How many dreams had she foregone? Did she have any of her

I run a hand over my face. Hot as hell today. Hot and wet and
close. “You’re scared. I get it. This,” I say, gesturing to the bustling
station beyond our hiding place, “is scary. But it’s real. OnyxCorp is real,
something we can fight, together. The Vagabonders—”

“You owe me.” The sharpness in her voice is Mama’s as well. I
look down at the broken tiled floor. Tiny weeds and moss push their way through
crevices created through time, neglect, apathy. “You haven’t seen it like it is
here. You’ve been out there, in the places no one wants to go. You saw how
OnyxCorp is working them, drugging them, keeping them under control. Where do
you think those Dua are coming from? They’re gathering us up like never before.
They’re realizing what we are, what we can do, Caen. And they’re scared. You
know what they’re willing to do when they’re scared.” She grabs the pack and
thrusts it toward me. “There’s some unfinished business on that digiscreen.” 

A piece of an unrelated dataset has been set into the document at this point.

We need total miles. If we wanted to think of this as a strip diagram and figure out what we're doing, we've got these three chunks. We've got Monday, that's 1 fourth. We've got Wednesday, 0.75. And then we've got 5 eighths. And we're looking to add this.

Sighing, I take the bag, sling its strap over my shoulder.
Its contents bounce gently across my back. My mother’s digiscreen, an artifact
from a different time, a keeper of secrets. “Come with me.”

Eisa shakes her head. “Someone has to keep the station going.
Maybe get a few more out—”

“You’ve done enough. We’ve done enough.” 

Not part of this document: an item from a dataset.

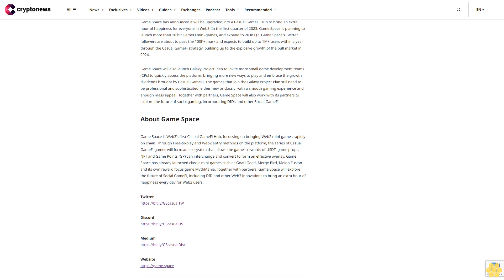It is the same for Game Space. The Lego effect is evident in Game Space casual GameFi hub by launching a series of casual GameFi games to form an ecosystem, each with a separate set of output consumption scenarios. While the USDT, game tools, NFTs, and game points (GP) generated in the games can be interchanged and converted to form an effective overlay. For instance, the mystery boxes obtained in Goat! Goat! can be used in Mythmania. The Merge Bird NFTs produced in Mythmania can be used in Merge Bird, and so on. The combination of multiple games not only multiplies the fun but also creates a more robust economic model, avoiding the short life cycle of single games in the Play-to-Earn era.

Her arms are suddenly around me. I’m never going to
see her again. 
My chest tightens.

“You are the wanderer, brother.”

“A Vagabonder?” My voice is harder than I mean. She pulls
away and brushes her hand across her cheeks. 

“Maybe. Probably not. Either way, what do we have to lose?”
She cups my face between her palms. “I really missed you, big brother. Seeing
you, though—” She shakes her head, releases me. “You’re going to miss your

I glance at the registry interface to my right, maybe ten
meters away. Its electronic face glows faintly behind rushing silhouettes of
men, women, and children. The bot across the causeway still hasn’t moved. 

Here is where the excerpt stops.